------ Data supplied
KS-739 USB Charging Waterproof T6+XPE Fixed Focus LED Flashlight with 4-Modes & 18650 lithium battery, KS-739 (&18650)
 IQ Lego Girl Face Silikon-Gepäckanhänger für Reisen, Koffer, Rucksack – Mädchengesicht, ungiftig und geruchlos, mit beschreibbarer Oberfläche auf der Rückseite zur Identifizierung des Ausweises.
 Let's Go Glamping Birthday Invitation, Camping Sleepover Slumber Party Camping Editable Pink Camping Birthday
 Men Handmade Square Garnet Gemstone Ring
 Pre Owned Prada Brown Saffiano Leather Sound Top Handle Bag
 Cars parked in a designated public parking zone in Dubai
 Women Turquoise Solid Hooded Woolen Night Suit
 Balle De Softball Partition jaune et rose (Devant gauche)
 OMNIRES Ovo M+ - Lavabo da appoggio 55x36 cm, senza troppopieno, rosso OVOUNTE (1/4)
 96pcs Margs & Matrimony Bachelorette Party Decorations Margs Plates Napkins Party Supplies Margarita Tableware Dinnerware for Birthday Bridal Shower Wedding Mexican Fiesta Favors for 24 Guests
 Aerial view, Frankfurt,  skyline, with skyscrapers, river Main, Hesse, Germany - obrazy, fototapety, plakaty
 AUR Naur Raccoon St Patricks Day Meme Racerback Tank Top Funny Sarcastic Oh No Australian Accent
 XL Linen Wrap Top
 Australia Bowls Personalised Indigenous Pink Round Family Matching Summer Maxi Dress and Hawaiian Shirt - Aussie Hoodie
------------
◆ **What to work on**
Give back the opening line of the records above and every line after it, up to and including the one with "Pre Owned Prada", unchanged.

◆ **Exercise solution**
KS-739 USB Charging Waterproof T6+XPE Fixed Focus LED Flashlight with 4-Modes & 18650 lithium battery, KS-739 (&18650)
 IQ Lego Girl Face Silikon-Gepäckanhänger für Reisen, Koffer, Rucksack – Mädchengesicht, ungiftig und geruchlos, mit beschreibbarer Oberfläche auf der Rückseite zur Identifizierung des Ausweises.
 Let's Go Glamping Birthday Invitation, Camping Sleepover Slumber Party Camping Editable Pink Camping Birthday
 Men Handmade Square Garnet Gemstone Ring
 Pre Owned Prada Brown Saffiano Leather Sound Top Handle Bag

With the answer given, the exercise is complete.